Deutlich wird auch an diesem Beispiel einer Architekturdarstellung, dass die Architektur eine Sonderform in den Künsten einnimmt. Der Spagat unserer Zunft wird vollführt zwischen Praxis und Idee, zwischen Nutzung und Design, zwischen Wirklichkeit und Möglichkeit. Und obwohl doch die Menschen ständig in der Architektur leben, scheinen sie Schwierigkeiten zu haben, sich ihr zu nähern. Vielleicht sind es aber auch die Architekten, die ihre Besonderheiten und ihren Ritus pflegen.

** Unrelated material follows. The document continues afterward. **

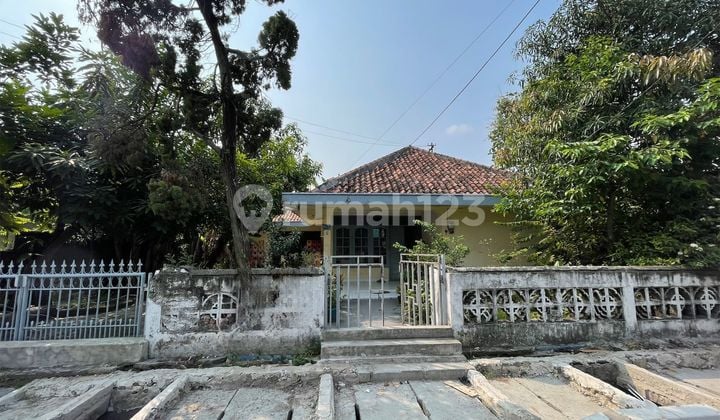 Property Exclusive!! Dijual Cepat Rumah dengan Akses Mudah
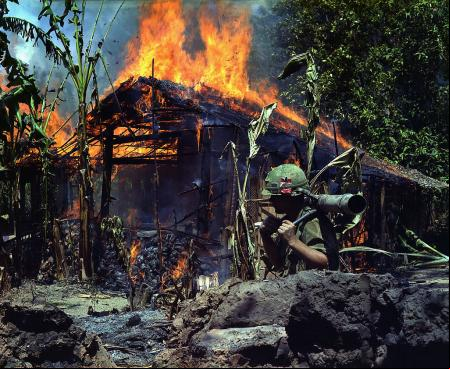 Campamento del Viet Cong en Mỹ Tho incendiado por tropas estadounidenses en 1968.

Die Architekten, diese schwarzen Ritter mit Hornbrille und einem Saab vor der Tür…

Ist eine Ausstellung wie: „Das unbebaute Berlin“ für die Architekten oder die Menschen in der Stadt? Diese Frage scheint eine Gretchenfrage zu sein, genauso wie die folgende: Wer entscheidet eigentlich, welche (ungebauten) Entwürfe hier ausgestellt werden? Besteht dieses Berlin doch aus so viel mehr Visionen und Ideen, als die 100, die man zu sehen bekommt.

Spannend wäre es doch, einen (möglicherweise virtuellen) kompletten Stadtplan des „ungebauten Berlin“ zu bekommen, der permanent aktualisiert wird und in dem alle Planer, seien es nun Studenten, Aktive, Pensionäre und auch Laien ihre Stadt, ihre Un-Stadt, bauen können.

Spannend ist es in jedem Fall, dass Ungebaute zum Thema einer Ausstellung zu machen. Bekommt man auf diese Weise doch eine Genealogie von Visionen präsentiert. Eine Schau der gestalterischen Kraft von 1907-1997. Carsten Krohn (der Kurator) verdient Anerkennung für diese Idee. Mögen sich noch möglichst viele Leute während der letzten Ausstellungswoche mit ihrer Un-Stadt beschäftigen.